見れば小鳥たちが花畑を見下ろすように羽ばたいては、花の側まで下りてまた舞い上がっていく。
「これは、種が結実するのもすぐかもしれんなぁ」
嬉しそうに、オーケビョルンはそう零して鳥と花が戯れるのを見ていた。
オーケビョルンの予想通り、花はすぐに萎れ、受粉した雌しべから伸びる種が大きく膨らんだ。

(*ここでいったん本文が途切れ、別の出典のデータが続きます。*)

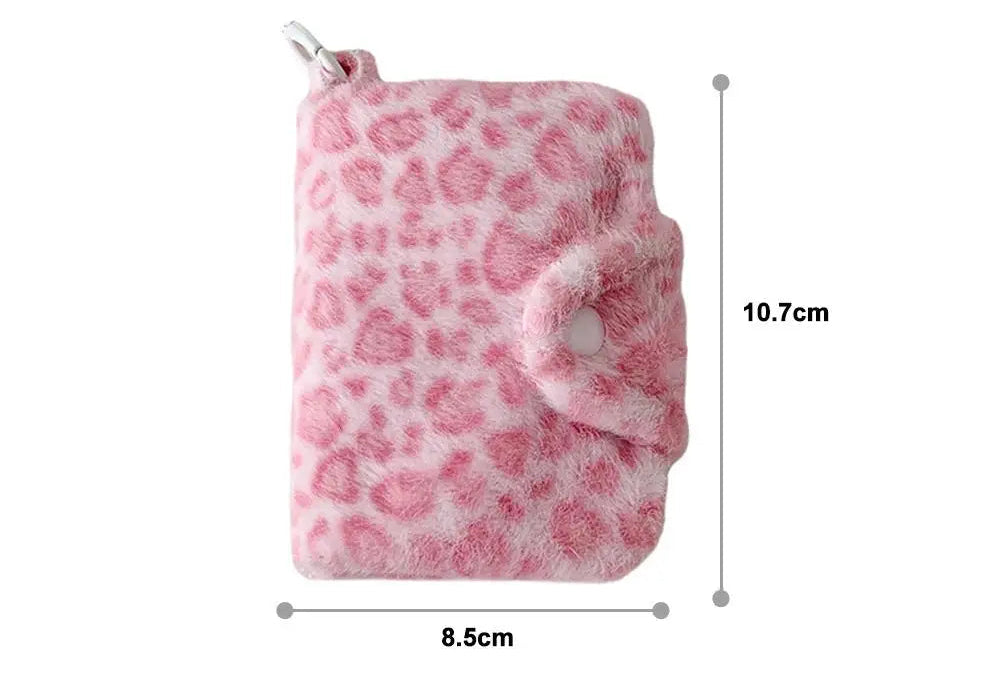 Porte-monnaie léopard en peluche avec fermeture pression et poche zippée — photo 6 Image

花一つに付き、大体二十。それが花の分だけあるから、総じて四百かそこら。
すべての花から種を取れば、一つ一つは小さくても存外に場所を取る。
それらの種を両手で抱えるようにして、オーケビョルンは空を見た。
「出来れば、風が強い日がいいのう……それまでになんぞ、器になるものを探さねばな」
彼の望む日は、程なくしてやってきた。
北から吹き付ける風がごうごうと音を立て、眼科に広がる森の木々を揺らしている。
そんな日に、オーケビョルンは洞窟の外はおろか、スヴェドボリの外縁部近くまで飛んできていた。

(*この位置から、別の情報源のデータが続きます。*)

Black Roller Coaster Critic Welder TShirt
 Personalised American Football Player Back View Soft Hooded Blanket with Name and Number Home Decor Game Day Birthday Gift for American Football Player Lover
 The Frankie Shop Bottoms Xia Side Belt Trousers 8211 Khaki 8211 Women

彼の両手の中には丸い石。その石の中心部には大きく凹みが掘られ、そこにあの花の種が納められていた。
自宅前で育てる分を幾らか残し、あとは全てこの器の中に。
この風の強い日に、願わくば御山の外へ、バーリ公国のあちこちに広まるように。
彼は、今日という日を選んで、あの花の種を蒔きに来たのだ。
空の高いところ、眼下の雲の切れ目から、バーリ公国の大地が見える。
そこで彼は、石の器をひっくり返した。
「さあ行け! バーリ公国だけとは言わん、アッシュナーのあらゆる国まで飛んで行け!」
そう力強く言いながら、オーケビョルンは花の種が飛んでいくのを見送った。
小さな種が風に乗って、眼下の大地に広がっていく。あるいは下へ、あるいは先へ、飛んでいく。
そうして全ての種が風に飛ばされ見えなくなったことを確認すると、満足そうに頷いて、オーケビョルンは来た道を戻っていった。
また花が咲いたら、また種を蒔きに来よう。
そう思いながら。
そしてこの時にオーケビョルンが蒔いた種は、バーリ公国のあちこちに、周辺国にも広がっていった。
可憐な薄桃色の花をつけるその花を、人々は『ラグフラワー』の名を付けて、咲き乱れて絨毯のようになるのを眺めては、愛でたという。